In a daring career leap, one alumna spent a year working remotely from around the globe to explore the changing nature of work firsthand.
- October 10, 2018
- Career Change
Day in and day out for four years, Elatia Abate, AB ’99, MBA ’08, interviewed people who were going through the motions. As a senior human resources executive in the corporate world, she met with candidates applying for a position, but whom she suspected weren’t actually interested in the job.
It’s a problem that cuts across industries: a survey conducted of 17,000 American workers in 19 industries by the nonprofit groups Mental Health America and the Faas Foundation found that 71 percent of respondents didn’t like their jobs. Their passions—and, as Abate would come to realize, her passions—lay elsewhere.
“I was tired of meeting people who were fabulous but not interested in the work they were doing,” said Abate, quietly admitting out loud that she wasn’t interested in her work either.
So she did what many people dream of doing but few people actually do: she jumped ship. Abate launched her own freelance executive coaching business. Then, in January 2017, she hit the road, embarking on a year of remote work to get a firsthand perspective on the changing nature of today’s economy. She packed her entire life into a storage unit, with the exception of a carry-on bag and a suitcase, and set off.
“I wanted an uncertain dynamic, strengthening the muscle of thriving in the unknown,” Abate said. She pointed to one of her personal mottos: “Between a known that isn’t working very well, and an unknown with some potential, you always have to go toward the unknown.”
She didn’t know where she’d sleep each night or what she’d do the next day, which very quickly taught Abate how to be empathetic to those who are similarly uncertain about their futures because of changing technology.
“Between a known that isn’t working very well, and an unknown with some potential, you always have to go toward the unknown.”
It also taught her how to deal with adversity and juggle many moving pieces simultaneously—and how to thrive while doing it—especially on day 47 of her trip. Just after getting off the plane in Miami and stepping up to the rental car counter, she realized that she had lost her wallet.
“My stomach sank, and my heart started pounding,” she said. But it was then that she realized something that would be key to her journey—and to her life. “I can be captive to this, but no amount of wishing or hoping is going to make that wallet appear,” Abate said to herself. “Or, I can do something.”
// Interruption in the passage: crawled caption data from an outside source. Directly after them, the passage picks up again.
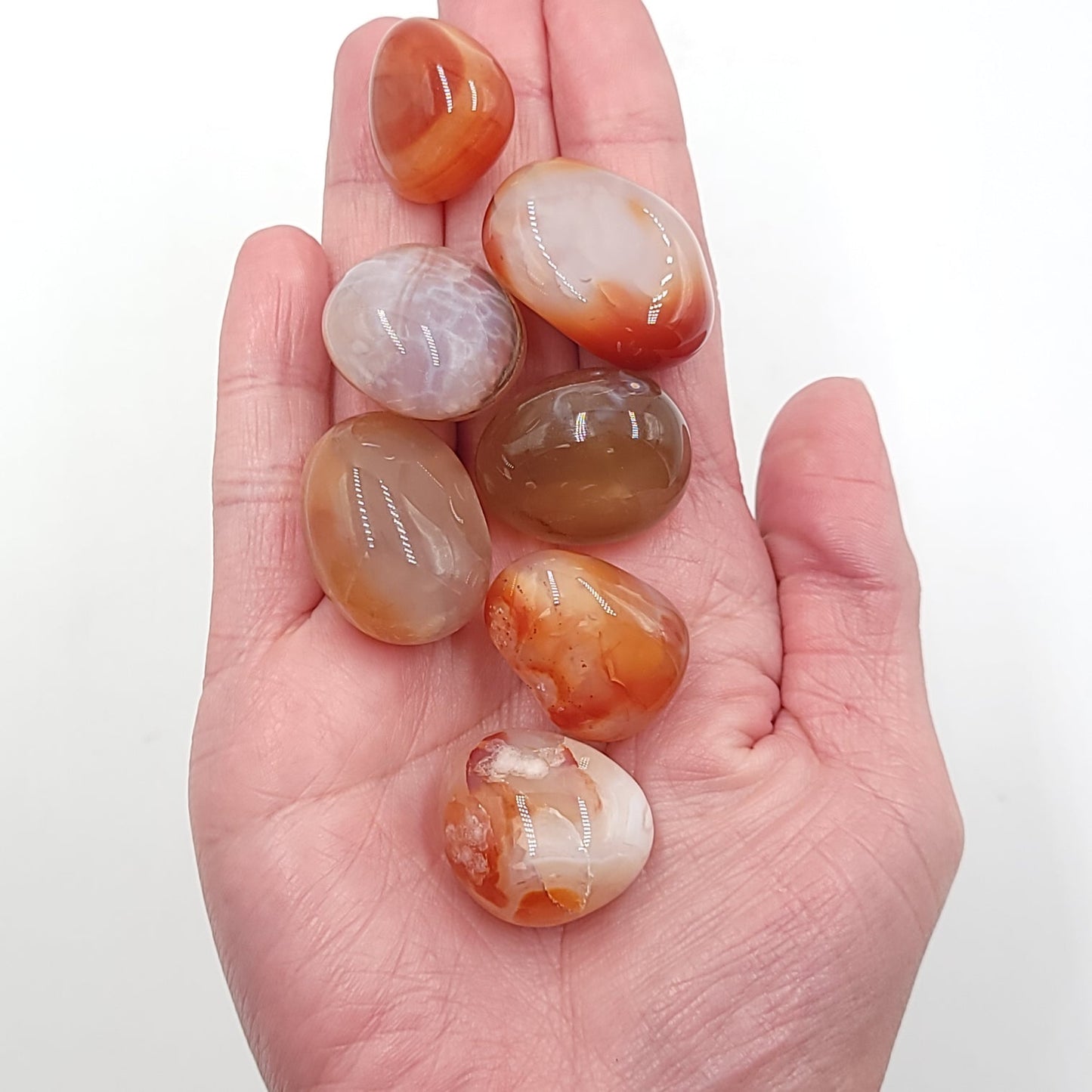 Carnelian Tumbled Stone HQ - Elevated Metaphysical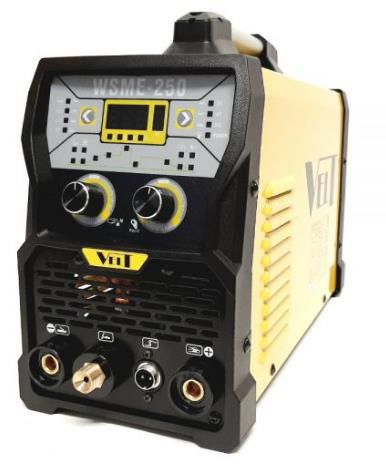 Invertor Sudura Velt Digital WSME 250 Invertor 230V TIG/MMA (AC/DC) Aluminiu
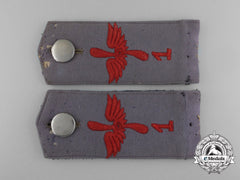 Germany, Imperial. An Aviation Department No.1 (Flieger Ersatz Abteilung Nr.1) Shoulder Strap Pair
She reached out to a friend who lived in Miami, and took an Uber to his house before canceling her credit cards. Abate borrowed money from her friend, and was able to continue on the next day to the South by Southwest festival in Austin, where her new cards were delivered.
And it was a journey. Abate started ticking off the number of locales she visited, but stopped counting at a certain point: Santa Monica, California; West Palm Beach, Florida; San Francisco; Vancouver, Canada; Chicago; London; Utah . . . the list went on and on.
“Lots of times I forgot where I was. I’d have to remind myself: ‘I’m in this city. It’s this day of the week. This is where I’m going next,’” said Abate, who often told her clients that she was stationed in one spot, as she learned quickly that they were hesitant to offer her work if they knew she was constantly traveling.
Abate was determined to travel around the globe, consulting and sharing her ideas about creating a successful, passionate career. The issue for most of us, Abate said, is that we’re taught to think about careers in these terms: What do I know how to do, what do I have experience doing, and what can I logically do with this? Then we gather a few more years of experience and continue doing the same thing.
“The problem is that if we evolve or make any decisions that aren’t aligned with our purpose, we’re stacking bad decisions on top of bad decisions,” Abate said. “Instead think: What motivates me? What do I want to do in the world? What do I want to have? How do I want to use my life? Align your skills and resources behind that.”
The future, she said, is corporate and entrepreneurial. “This is the most exciting time in the history of humanity,” said Abate, who finished her yearlong trip and will now settle down in New York so she can continue to build solutions and provide consulting services on the future of work and education for everyone from government officials to CEOs.
She credits her Booth education with helping her think critically and creatively throughout her journey and beyond. “Even if I don’t know the answer to something, I can pool resources and figure out the way to get to the answer.